Kulisy działań Brukseli wobec Polski. "Wałęsa tak powiedział"
Zdaniem eurodeputowanego Jacka Saryusz-Wolskiego dwie rezolucje Parlamentu Europejskiego z kwietnia i września 2016 r., krytyczne wobec polskich władz, były pisane przez członków opozycji. Dodał, że swoją rolę odegrał w tej sprawie także były prezydent Lech Wałęsa.
22.09.2017 | aktual.: 25.03.2022 13:12
- Dwie fatalne rezolucje PE były pisane rękoma polskiej totalnej opozycji. Ja to wiem, nawet mogę powiedzieć, w którym pokoju to było pisane - powiedział Saryusz-Wolski na antenie TVP.
Jego zdaniem Komisja Europejska nie odważyłaby się działać, gdyby nie miała wsparcia opozycji, "która te wszystkie treści przekazywała i błagała komisarzy o podjęcie interwencji".
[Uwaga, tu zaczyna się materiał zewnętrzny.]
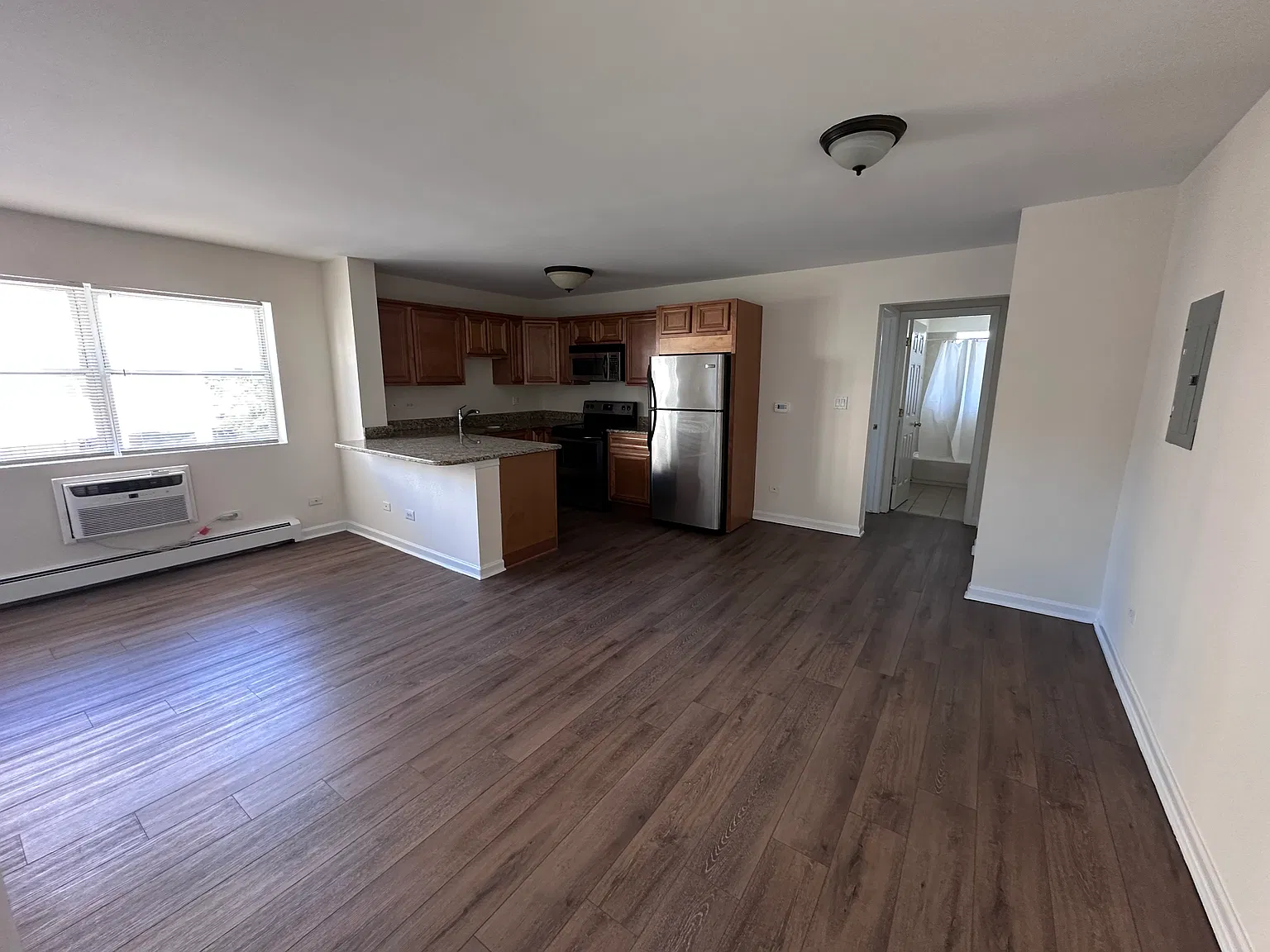 1 bed, 600 sqft, $1,400 — Photo 2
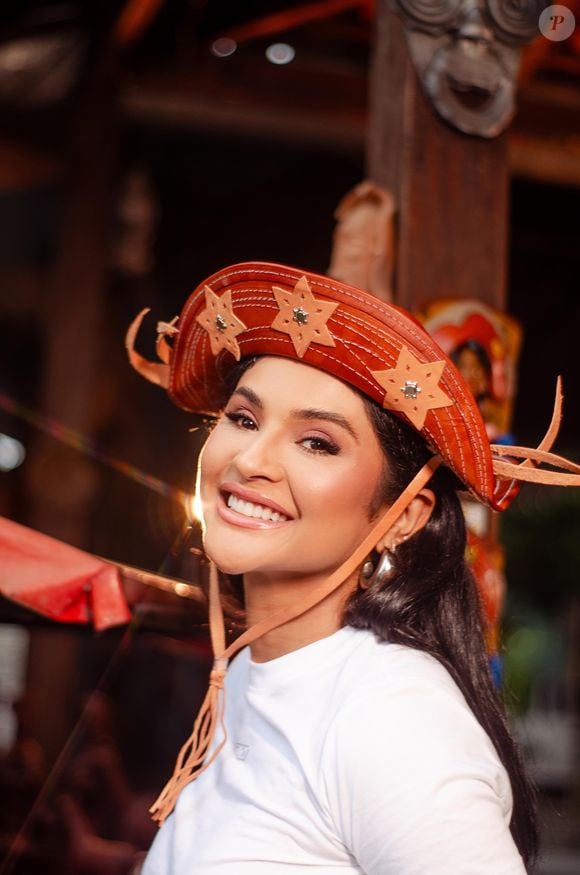 Mileide Mihaile fez a postagem por volta de 21h, nos bastidores de mais um trabalho: ‘Logo hoje que eu estou até essa hora aqui com esses meninos trabalhando para cumprir prazos’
Saryusz-Wolski twierdzi, że miał w tym swój udział również były prezydent Lech Wałęsa. - Starłem się kiedyś z wiceszefem KE Fransem Timmermansem i obalałem jego argumenty. Kiedy wszystkie upadły, stwierdził: "ale mnie tak powiedział Lech Wałęsa" - tłumaczył europoseł.
Decyzja ws. sankcji?
Według niego dążenie KE do zastosowania przeciw Polsce art. 7. Traktatu o Unii Europejskiej - mówiącego o nakładaniu sankcji na państwo członkowskie za naruszenie wartości UE - nie powiedzie się.
- Docelowo KE czeka fiasko, bo artykuł 7. wymaga jednomyślnego stanowiska Rady Europejskiej, a tego stanowiska nie będzie. Celem samym w sobie nie jest złapanie króliczka, ale gonienie go. To "grillowanie" jest groźne, ponieważ obdziera kraj z dobrego wizerunku i przyczepia do niego czarne łaty - powiedział europoseł w programie "Warto rozmawiać" w TVP1.
W ocenie Saryusza-Wolskiego Unia Europejska szuka sobie "chłopca do bicia", którymi miałyby być Polska i Węgry.